Putin’s Russia presents a similar challenge to Western democracies. As Lopresti notes, “Putin is a liar. He lied over Chechnya, over Georgia, over Syria, and the peace accords made after the annexation of Crimea.” This is not mere diplomatic duplicity. It reflects a fundamental difference in how authoritarian regimes view international agreements. For Putin, treaties are tactical pauses, not binding commitments. Peace accords are opportunities to regroup, not settlements to be honored.

The conservative intellectual tradition, from Edmund Burke through Russell Kirk, has emphasized that institutions and norms require active defense. They are not self-sustaining mechanisms that operate regardless of whether citizens believe in them. The international order established after World War II—the principle that borders cannot be changed by force, that sovereign nations possess inherent rights, that aggression must be collectively resisted—these principles survive only when democracies demonstrate willingness to defend them.

Ukraine represents the test case. If a democratic nation can be invaded, its cities bombed, its children kidnapped, its people murdered, while the democratic world offers only calibrated support designed not to provoke the aggressor too much, then the entire post-1945 settlement collapses. The message to every authoritarian regime becomes clear: take what you can, negotiate when you must, and democratic powers will accommodate rather than confront.
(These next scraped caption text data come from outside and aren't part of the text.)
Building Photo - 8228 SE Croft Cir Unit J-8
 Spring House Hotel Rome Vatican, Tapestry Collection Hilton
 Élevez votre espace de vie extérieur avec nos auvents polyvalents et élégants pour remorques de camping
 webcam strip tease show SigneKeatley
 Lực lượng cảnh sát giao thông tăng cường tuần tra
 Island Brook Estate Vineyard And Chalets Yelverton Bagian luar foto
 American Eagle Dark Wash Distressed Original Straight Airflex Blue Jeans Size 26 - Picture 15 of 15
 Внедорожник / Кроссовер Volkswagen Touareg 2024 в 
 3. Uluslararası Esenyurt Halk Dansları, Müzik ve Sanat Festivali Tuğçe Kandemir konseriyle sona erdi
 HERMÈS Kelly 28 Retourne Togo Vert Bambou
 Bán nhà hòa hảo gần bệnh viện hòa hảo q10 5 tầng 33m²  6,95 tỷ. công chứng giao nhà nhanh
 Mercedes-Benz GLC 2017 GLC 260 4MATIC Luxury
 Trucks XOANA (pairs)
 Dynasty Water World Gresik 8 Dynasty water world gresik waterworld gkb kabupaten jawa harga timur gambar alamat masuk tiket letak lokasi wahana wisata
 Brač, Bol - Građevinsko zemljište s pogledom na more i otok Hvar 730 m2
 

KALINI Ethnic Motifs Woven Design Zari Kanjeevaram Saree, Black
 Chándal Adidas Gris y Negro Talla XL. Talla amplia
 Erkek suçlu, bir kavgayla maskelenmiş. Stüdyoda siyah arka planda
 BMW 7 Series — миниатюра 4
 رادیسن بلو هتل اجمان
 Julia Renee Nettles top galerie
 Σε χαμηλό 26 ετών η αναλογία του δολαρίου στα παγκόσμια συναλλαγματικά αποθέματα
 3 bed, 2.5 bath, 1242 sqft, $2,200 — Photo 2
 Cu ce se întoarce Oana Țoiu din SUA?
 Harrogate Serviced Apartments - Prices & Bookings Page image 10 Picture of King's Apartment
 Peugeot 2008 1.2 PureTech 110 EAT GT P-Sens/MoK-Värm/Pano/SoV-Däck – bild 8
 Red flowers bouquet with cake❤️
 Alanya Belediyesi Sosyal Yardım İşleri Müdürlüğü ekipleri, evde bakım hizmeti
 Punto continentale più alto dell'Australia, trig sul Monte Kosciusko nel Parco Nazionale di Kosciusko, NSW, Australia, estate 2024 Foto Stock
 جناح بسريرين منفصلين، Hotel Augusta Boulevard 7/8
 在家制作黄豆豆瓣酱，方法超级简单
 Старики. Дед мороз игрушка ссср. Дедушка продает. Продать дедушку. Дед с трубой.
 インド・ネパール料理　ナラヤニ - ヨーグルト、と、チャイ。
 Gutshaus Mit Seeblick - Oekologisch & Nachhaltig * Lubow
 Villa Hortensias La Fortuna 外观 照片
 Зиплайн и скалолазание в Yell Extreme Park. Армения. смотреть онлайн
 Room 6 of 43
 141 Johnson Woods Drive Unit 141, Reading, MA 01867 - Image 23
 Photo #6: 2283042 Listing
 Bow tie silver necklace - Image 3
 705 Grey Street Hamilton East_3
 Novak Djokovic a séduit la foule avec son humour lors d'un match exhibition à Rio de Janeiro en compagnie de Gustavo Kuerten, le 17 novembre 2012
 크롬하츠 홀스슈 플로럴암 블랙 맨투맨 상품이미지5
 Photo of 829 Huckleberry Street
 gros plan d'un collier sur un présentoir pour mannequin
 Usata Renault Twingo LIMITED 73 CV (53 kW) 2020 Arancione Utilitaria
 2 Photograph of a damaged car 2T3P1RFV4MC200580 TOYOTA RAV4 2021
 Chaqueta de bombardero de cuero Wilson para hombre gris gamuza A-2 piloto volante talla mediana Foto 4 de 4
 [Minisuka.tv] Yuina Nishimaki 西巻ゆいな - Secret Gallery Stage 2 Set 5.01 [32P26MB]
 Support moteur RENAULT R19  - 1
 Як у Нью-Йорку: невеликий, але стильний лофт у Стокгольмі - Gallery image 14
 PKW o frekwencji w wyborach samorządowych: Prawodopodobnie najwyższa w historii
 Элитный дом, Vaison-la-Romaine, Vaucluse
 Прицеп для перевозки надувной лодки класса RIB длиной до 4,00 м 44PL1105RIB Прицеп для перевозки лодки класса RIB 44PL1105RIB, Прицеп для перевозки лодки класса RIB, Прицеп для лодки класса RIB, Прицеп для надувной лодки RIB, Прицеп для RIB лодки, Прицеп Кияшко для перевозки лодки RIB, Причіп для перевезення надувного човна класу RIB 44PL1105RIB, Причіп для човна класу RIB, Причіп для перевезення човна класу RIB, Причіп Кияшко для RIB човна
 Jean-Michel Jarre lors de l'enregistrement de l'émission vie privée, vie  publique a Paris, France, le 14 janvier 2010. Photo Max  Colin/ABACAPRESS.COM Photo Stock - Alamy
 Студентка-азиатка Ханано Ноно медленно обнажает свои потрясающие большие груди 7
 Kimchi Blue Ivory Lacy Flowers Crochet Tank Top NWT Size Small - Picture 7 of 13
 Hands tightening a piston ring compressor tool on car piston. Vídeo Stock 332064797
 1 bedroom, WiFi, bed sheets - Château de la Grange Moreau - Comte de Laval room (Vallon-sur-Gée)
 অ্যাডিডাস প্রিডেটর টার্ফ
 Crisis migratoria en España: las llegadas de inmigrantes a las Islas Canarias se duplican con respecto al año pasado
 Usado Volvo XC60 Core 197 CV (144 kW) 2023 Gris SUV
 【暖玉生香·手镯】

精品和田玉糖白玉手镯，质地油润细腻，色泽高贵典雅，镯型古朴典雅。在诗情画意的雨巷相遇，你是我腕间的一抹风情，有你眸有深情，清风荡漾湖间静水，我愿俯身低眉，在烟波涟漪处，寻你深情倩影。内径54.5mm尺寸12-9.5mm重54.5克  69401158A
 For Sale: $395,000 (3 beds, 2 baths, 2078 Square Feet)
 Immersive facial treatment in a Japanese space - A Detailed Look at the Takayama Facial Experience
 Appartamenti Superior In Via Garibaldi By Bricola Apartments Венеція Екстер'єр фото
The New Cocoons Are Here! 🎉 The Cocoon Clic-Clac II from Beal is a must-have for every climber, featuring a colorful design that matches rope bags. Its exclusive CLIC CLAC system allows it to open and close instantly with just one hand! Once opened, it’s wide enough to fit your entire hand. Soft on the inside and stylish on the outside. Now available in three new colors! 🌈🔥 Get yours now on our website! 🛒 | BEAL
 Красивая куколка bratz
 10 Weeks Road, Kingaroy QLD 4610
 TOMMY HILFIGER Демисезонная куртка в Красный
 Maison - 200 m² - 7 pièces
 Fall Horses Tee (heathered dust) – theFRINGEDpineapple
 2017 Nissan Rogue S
The Anatomy of Moral Clarity

What strikes me most about the volunteers I encountered in these accounts is their moral simplicity—not simple-mindedness, but clarity about fundamentals. “I couldn’t handle watching what was happening,” says Robert Ralph from Australia. “Honest to God, I’m here to do whatever is needed,” declares Bard, an American volunteer who worked in aviation and now calls Ukraine home.

This represents a form of ethical reasoning that our sophisticated political discourse often dismisses as naive. We have developed elaborate frameworks for analyzing conflicts through lenses of national interest, alliance management, escalation dynamics, and strategic ambiguity. These frameworks are not wrong. They capture real complexities. But they can obscure moral fundamentals that ordinary citizens sometimes perceive more clearly than experts.

There is a philosophical tradition, running from Aristotle through Aquinas to contemporary virtue ethicists, that recognizes certain actions as intrinsically wrong regardless of context. The intentional targeting of civilians, the kidnapping of children, the systematic destruction of a nation’s cultural heritage, the use of rape as a weapon of war—these are not matters requiring complex geopolitical analysis. They are evils that demand response.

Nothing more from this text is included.